▶ [ASSIGNMENT]: Beneath this line are entries. Copy the range from the line with "Early Photo of" to the line with "Cutremur în Italia, la", ends included, exactly; leave pictures out.

▶ [AVAILABLE DATA]:

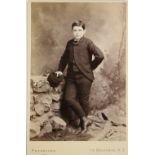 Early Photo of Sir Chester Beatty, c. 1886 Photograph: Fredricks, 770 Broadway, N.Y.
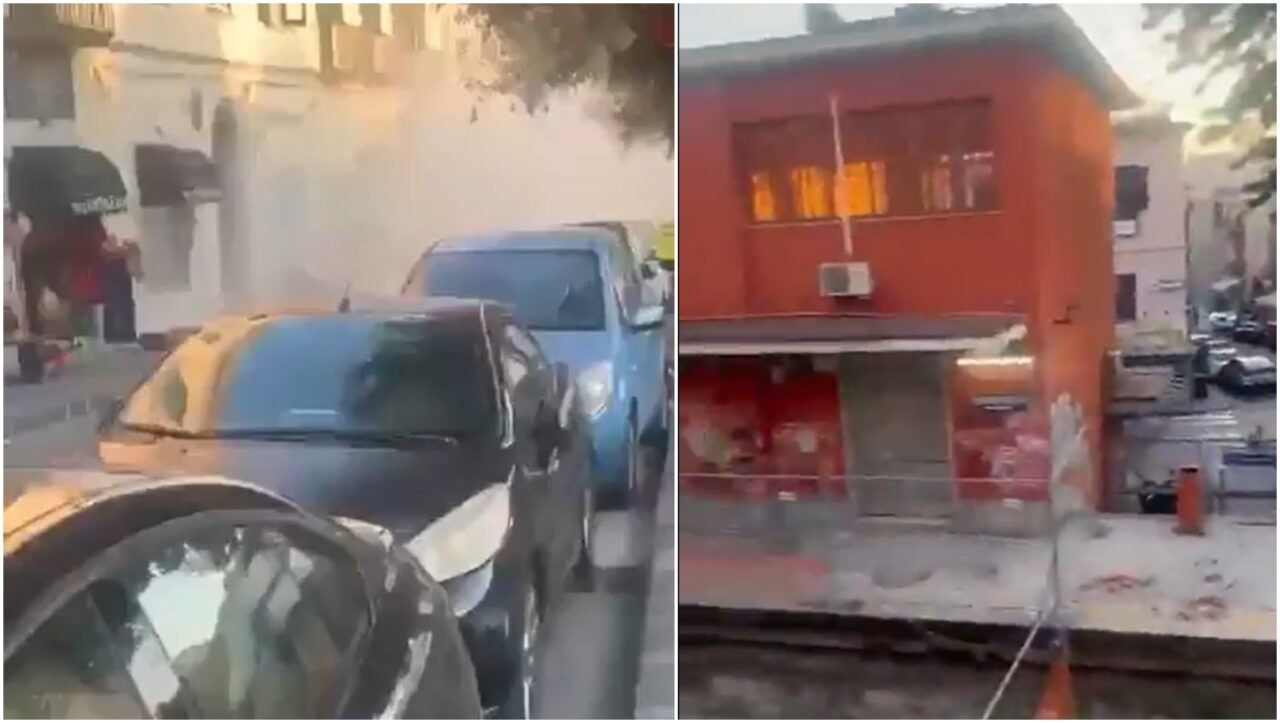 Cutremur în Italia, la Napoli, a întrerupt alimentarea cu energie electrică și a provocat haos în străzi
---
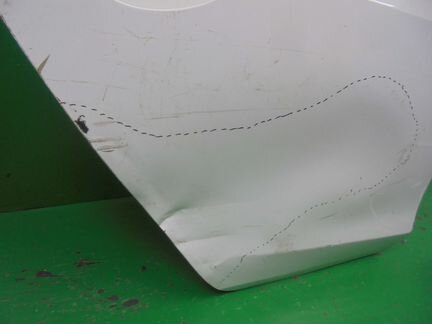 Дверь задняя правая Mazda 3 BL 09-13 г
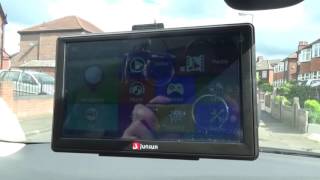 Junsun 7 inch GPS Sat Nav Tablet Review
--
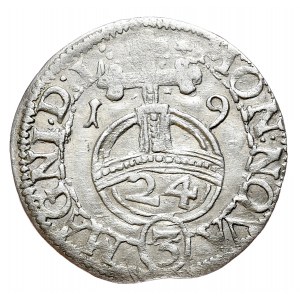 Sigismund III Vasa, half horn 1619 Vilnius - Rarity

▶ [TASK ANSWER]:
 Early Photo of Sir Chester Beatty, c. 1886 Photograph: Fredricks, 770 Broadway, N.Y.
 Cutremur în Italia, la Napoli, a întrerupt alimentarea cu energie electrică și a provocat haos în străzi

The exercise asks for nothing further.